# [DESCRIPTION OF THE TASK]
Every picture stays out; everything else in the listing below is to be returned exactly.

# [SUPPLIED RECORDS]
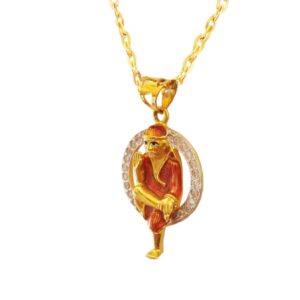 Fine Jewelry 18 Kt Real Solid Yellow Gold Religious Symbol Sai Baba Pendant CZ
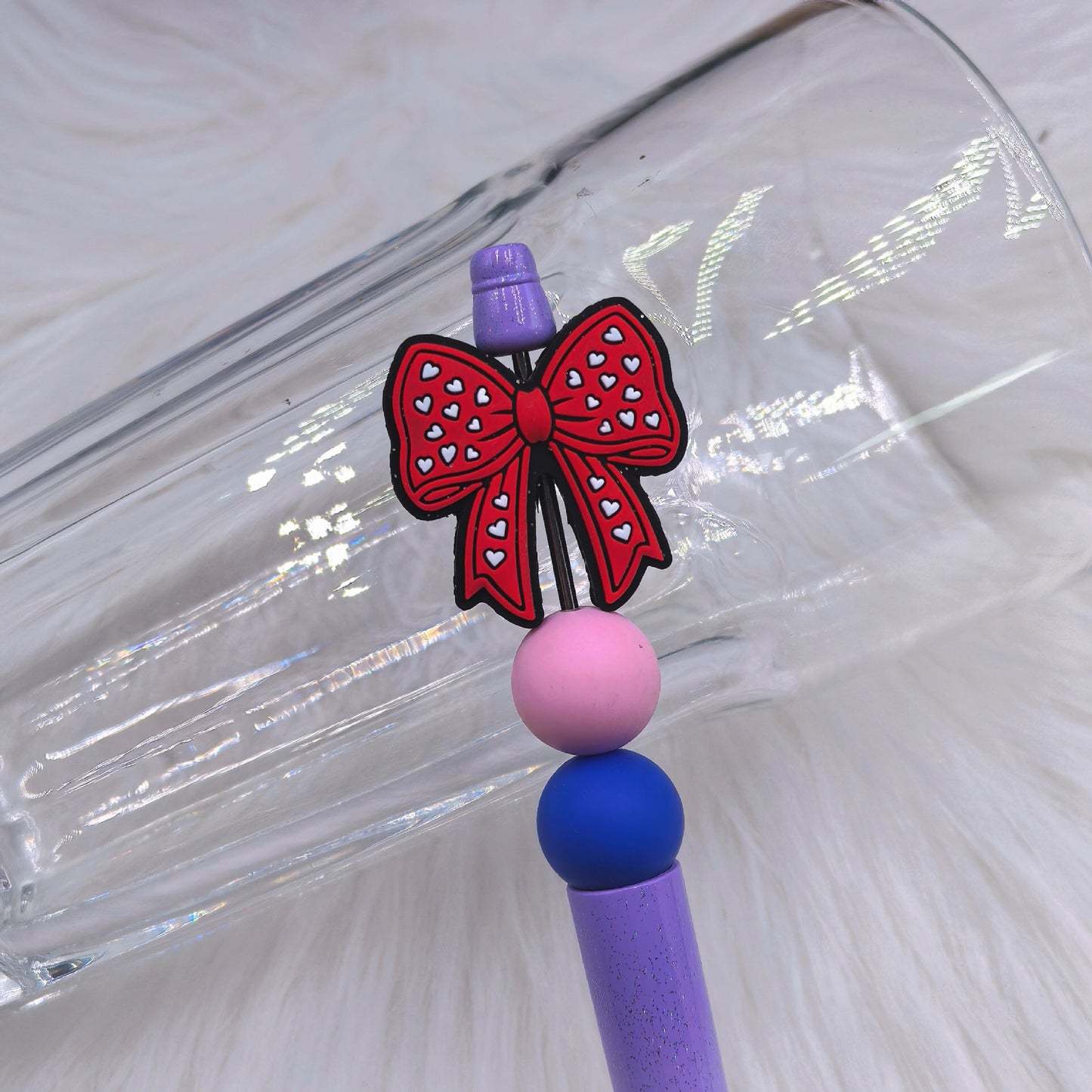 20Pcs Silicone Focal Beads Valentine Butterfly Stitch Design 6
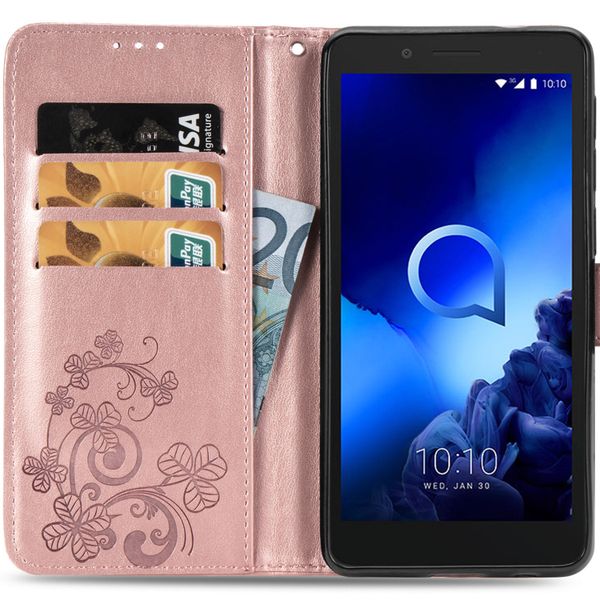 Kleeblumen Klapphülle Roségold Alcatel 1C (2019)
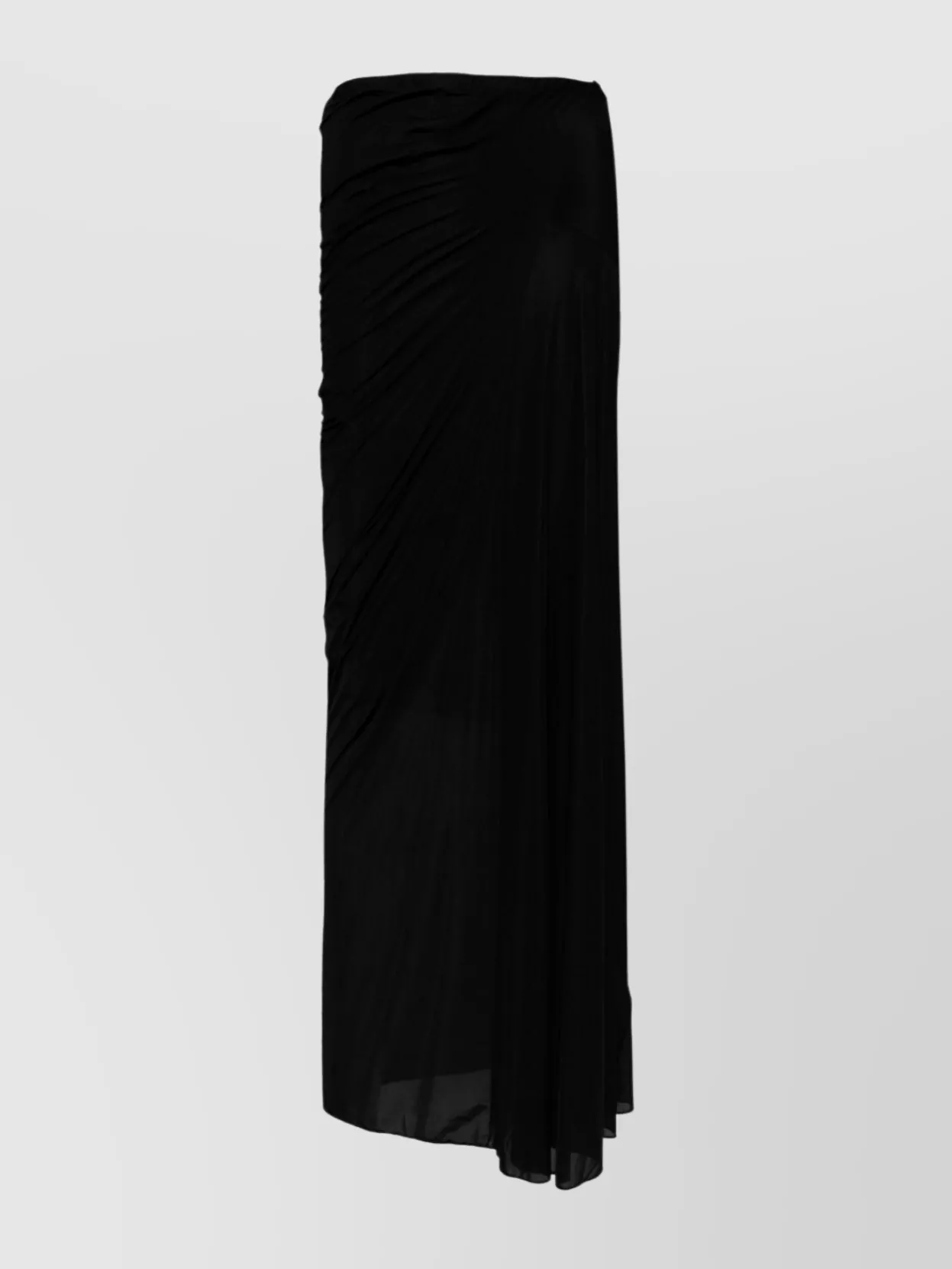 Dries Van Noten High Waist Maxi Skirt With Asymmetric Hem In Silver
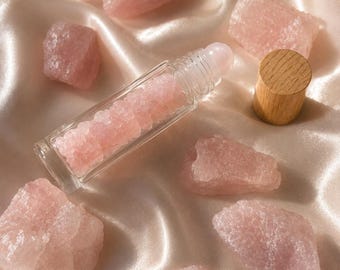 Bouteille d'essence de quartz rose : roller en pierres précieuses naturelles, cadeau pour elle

# [RESPONSE TO THIS EXERCISE]
 Fine Jewelry 18 Kt Real Solid Yellow Gold Religious Symbol Sai Baba Pendant CZ
 20Pcs Silicone Focal Beads Valentine Butterfly Stitch Design 6
 Kleeblumen Klapphülle Roségold Alcatel 1C (2019)
 Dries Van Noten High Waist Maxi Skirt With Asymmetric Hem In Silver
 Bouteille d'essence de quartz rose : roller en pierres précieuses naturelles, cadeau pour elle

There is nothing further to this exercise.